The good news is that, because PGP is a mechanical joint problem rather than a hormonal problem, it can usually be treated effectively by ‘hands-on’ manual therapy from a physiotherapist, osteopath or chiropractor experienced in treating PGP.
PGP is treatable at any stage of pregnancy, or postnatally as soon as you feel able to visit a manual therapist. The therapist gently uses their hands to release stiff or ‘stuck’ pelvic joints and relieve painful muscles, restoring normal movement to your pelvis and reducing your pain.
Exercises, mobility aids and pain-relieving medication can help you to manage some of the symptoms of PGP but they do not address the underlying cause of your pain, your pelvic joint dysfunction. Often, a high degree of pain prevents muscles from working properly so, regardless of how much you exercise, your muscles are unlikely to function correctly. However, once your pelvic joints and muscles are treated with manual therapy and move more freely (normally), thus reducing your pain, exercises are important to help to strengthen the muscles supporting your pelvis, and mobility aids and pain relief can help to manage symptoms between treatments.
For more information about the correct treatment for PGP please read our ‘What to expect from treatment’ page.
Please note: unfortunately, many NHS and private manual therapists do not know how to effectively treat PGP using manual therapy techniques.
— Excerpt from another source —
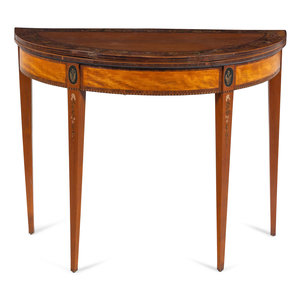 Appraisal: An Edwardian Painted Satinwood Flip-Top Game Table Circa Height x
If your PGP does not improve after each treatment, then it is important to try another therapist, as you may not be receiving the best treatment available.
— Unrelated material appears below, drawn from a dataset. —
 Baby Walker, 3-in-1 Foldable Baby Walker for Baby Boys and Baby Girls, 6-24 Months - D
For information about why you may not be improving following manual therapy treatment please visit our ‘What to do if treatment is not helping’ web page.
If you are told that it is too early or too late in your pregnancy to do anything, or that treatment is not effective during pregnancy and you have to wait until you have had the baby, or that you are too acute to treat, or that your symptoms are too mild to worry about, it is worth getting another opinion. Ask to be referred on to someone who has experience of treating PGP in pregnancy, or look for private treatment if this is an option for you.